Так и не выпуская сапога, он вылетел из «виннебаго». От коровника несся буйный неудержимый рев, что-то вроде боевого клича, на который невольно отозвалось его сердце. Ураганный ветер приглушал крики, но не слишком: похоже, узники все как один бросились в битву. Неизвестно откуда, из их сытых, изнеженных, здесь-такого-не-может-быть, рядов возник Спартак — кто бы мог подумать?

Все проклятая телепатия, подумал он. Интуиция, никогда не подводившая его, подсказывала: случилось непоправимое, и вся операция летит к чертям, но несмотря на это, Курц улыбался. Все-таки это чертова телепатия. Учуяли, что их ждет… и кто-то решил действовать.

Перед его глазами из разлетевшейся двери коровника высыпала пестрая толпа в куртках и оранжевых кепках. Один упал на торчавшее острие сломанной доски, пронзившее его, как осиновый кол вампира. Поскользнувшиеся на снегу были затоптаны толпой. И все это под мертвенным равнодушным сиянием прожекторов. Курц, словно зритель на чемпионате по реслингу, занявший к тому же лучшее место, видел все. Все, что творилось на ринге.

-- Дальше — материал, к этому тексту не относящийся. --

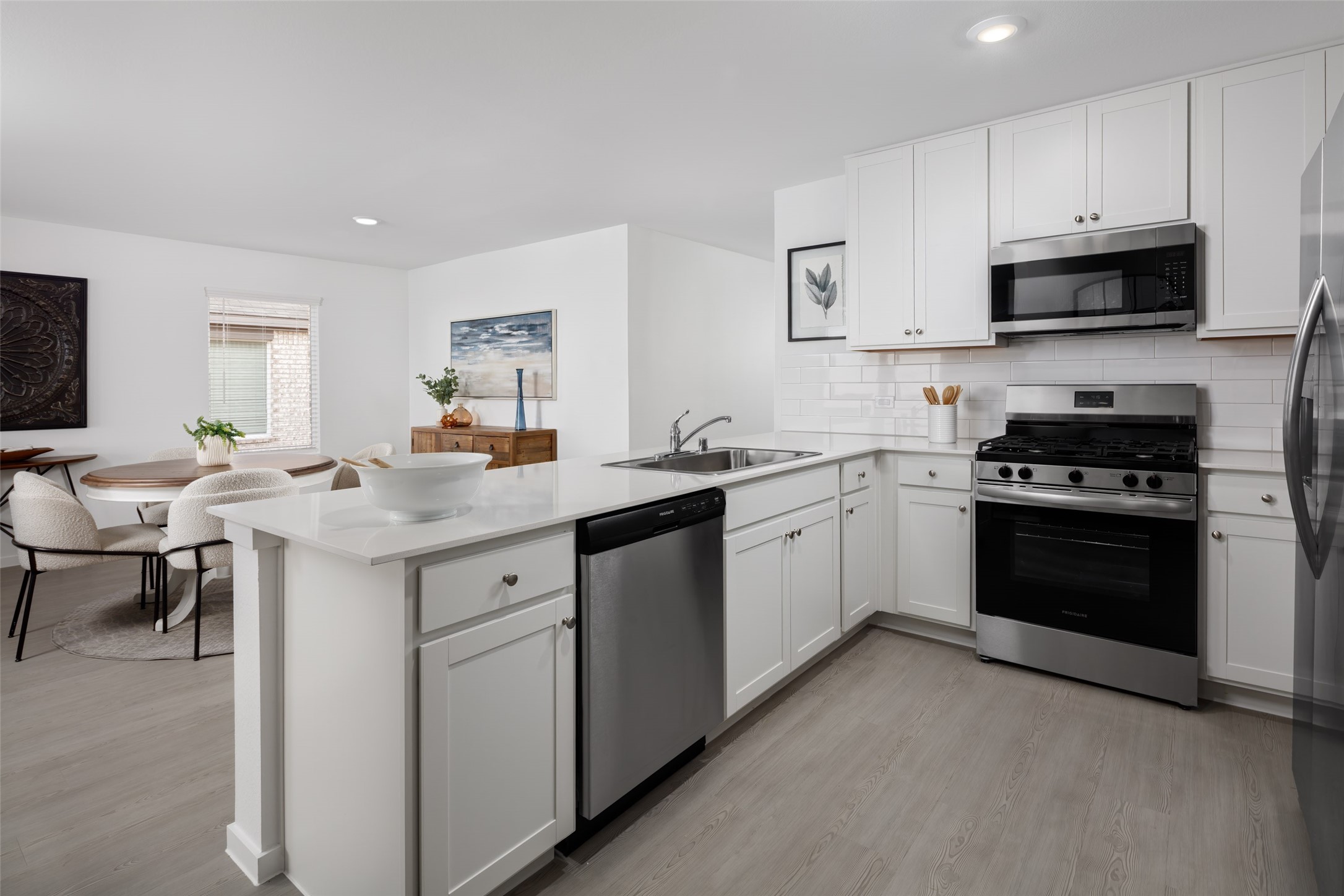 Residential Lease in Haslet 3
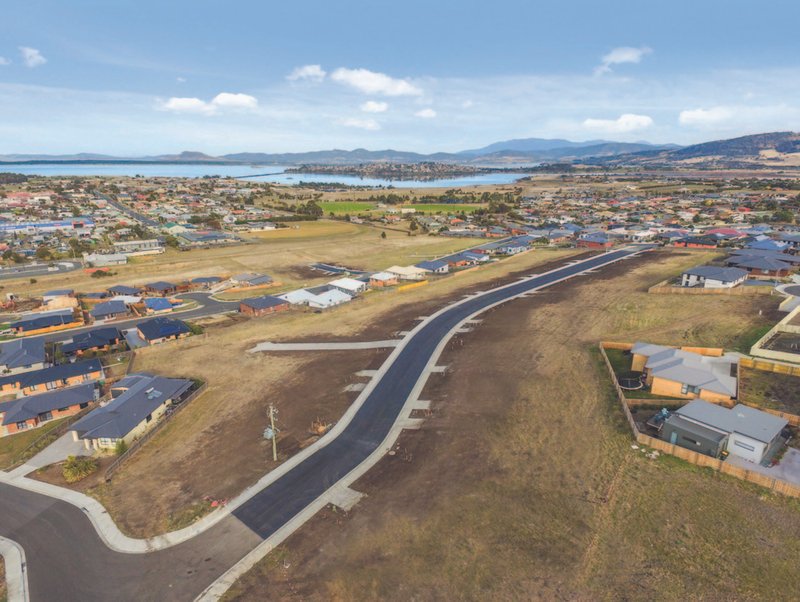 Photo - Lot 114 'On Horizons', Cornelius Drive, Sorell TAS 7172 - Image 4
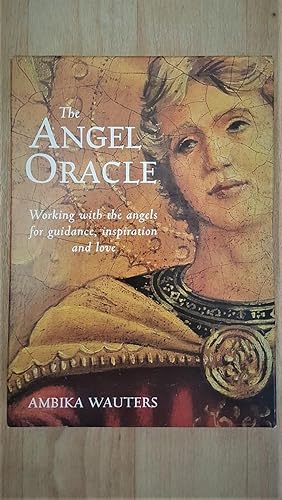 Immagine del venditore per The Angel Oracle venduto da Collector's Corner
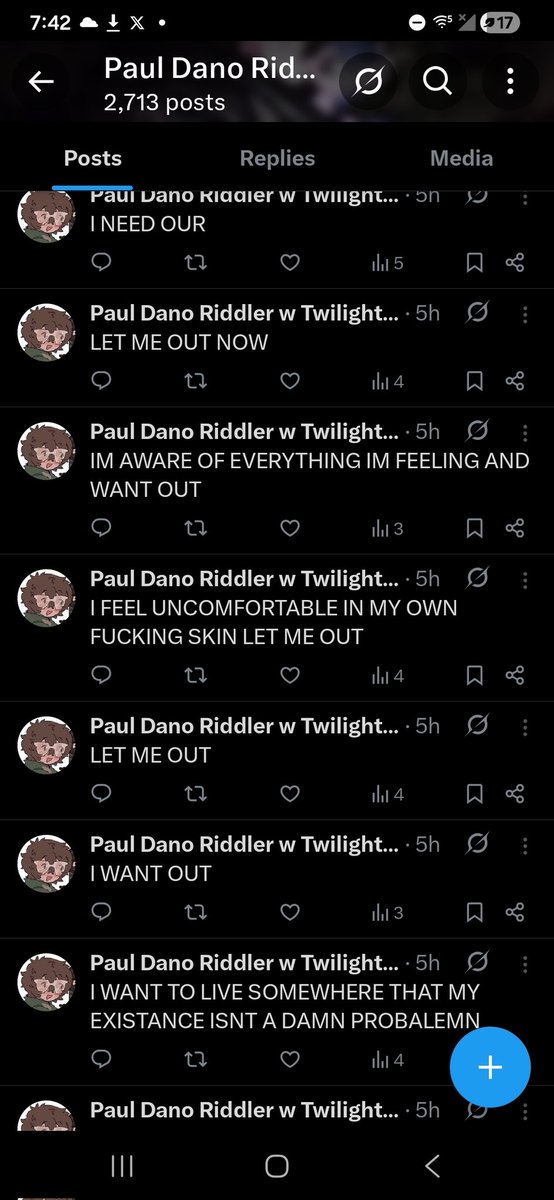 «☆Mylo/flamgo of shtwt♡» tweet media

Две группы бегущих, по пятьдесят — шестьдесят человек в каждой, державшиеся вместе, так же слаженно, как расчеты в учебных командах, бросились на ограду, по обе стороны от убогой лавчонки. Нападавшие то ли не знали, что через проволоку пропущен смертельный ток, то ли им было все равно. Остальная масса ринулась в обход магазина. Это было самое слабое место во всей обороне, но теперь было уже все равно. Курц понял, что ограде не устоять.

Никогда его строго выверенные планы не рушились так грубо: две-три сотни неуклюжих солдат ноября очертя голову бросаются в атаку с воплями «банзай». Он не допускал и тени сомнения в том, что они, как всякий скот, будут покорно ждать, пока пастух поведет их на бойню.

— Неплохо, мальчики, — пробормотал Курц, ощущая, как горит еще что-то, вероятно, его проклятая карьера… но конец все равно близок, недаром он выбрал такую головоломную операцию, чтобы достойно уйти со сцены, не так ли? Насколько он понимал, маленькие серые человечки из космоса — отныне явление вторичное. Доведись ему вести новости, заставка на экране гласила бы:

СЮРПРИЗ! АМЕРИКАНЦЫ НОВОЙ ЭРЫ ПРОЯВЛЯЮТ УДИВИТЕЛЬНОЕ МУЖЕСТВО!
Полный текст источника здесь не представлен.